Developing and testing AWS Glue job scripts locally - AWS Glue

Developing and testing AWS Glue job scripts locally

When you develop and test your AWS Glue for Spark job scripts, there are multiple available options:

  • AWS Glue Studio console

    • Visual editor

    • Script editor

    • AWS Glue Studio notebook

  • Interactive sessions

    • Jupyter notebook

  • Docker image

    • Local development

    • Remote development

  • AWS Glue Studio ETL library

    • Local development

You can choose any of the above options based on your requirements.

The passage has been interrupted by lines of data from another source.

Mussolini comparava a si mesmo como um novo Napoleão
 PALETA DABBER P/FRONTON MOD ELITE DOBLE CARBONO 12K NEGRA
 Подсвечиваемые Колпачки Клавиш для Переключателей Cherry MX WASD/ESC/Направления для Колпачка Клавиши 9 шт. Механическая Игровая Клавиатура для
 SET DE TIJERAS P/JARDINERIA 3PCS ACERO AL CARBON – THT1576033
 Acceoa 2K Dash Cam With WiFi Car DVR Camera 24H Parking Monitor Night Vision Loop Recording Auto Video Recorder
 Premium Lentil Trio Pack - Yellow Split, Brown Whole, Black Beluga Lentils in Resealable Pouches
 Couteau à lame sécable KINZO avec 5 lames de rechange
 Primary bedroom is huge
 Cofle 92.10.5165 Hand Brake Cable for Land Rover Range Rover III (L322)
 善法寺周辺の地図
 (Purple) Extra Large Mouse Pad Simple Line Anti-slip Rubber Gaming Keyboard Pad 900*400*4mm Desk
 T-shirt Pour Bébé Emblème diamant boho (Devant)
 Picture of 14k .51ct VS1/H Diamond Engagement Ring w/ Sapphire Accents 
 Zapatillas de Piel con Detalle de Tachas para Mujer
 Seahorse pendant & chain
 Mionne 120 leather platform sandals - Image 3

If you prefer no code or less code experience, the AWS Glue Studio visual editor is a good choice.

If you prefer an interactive notebook experience, AWS Glue Studio notebook is a good choice. For more information, see Using Notebooks with AWS Glue Studio and AWS Glue. If you want to use your own local environment, interactive sessions is a good choice. For more information, see Using interactive sessions with AWS Glue.

If you prefer local/remote development experience, the Docker image is a good choice. This helps you to develop and test AWS Glue for Spark job scripts anywhere you prefer without incurring AWS Glue cost.

If you prefer local development without Docker, installing the AWS Glue ETL library directory locally is a good choice.

Developing using AWS Glue Studio

The AWS Glue Studio visual editor is a graphical interface that makes it easy to create, run, and monitor extract, transform, and load (ETL) jobs in AWS Glue. You can visually compose data transformation workflows and seamlessly run them on AWS Glue's Apache Spark-based serverless ETL engine. You can inspect the schema and data results in each step of the job. For more information, see the AWS Glue Studio User Guide.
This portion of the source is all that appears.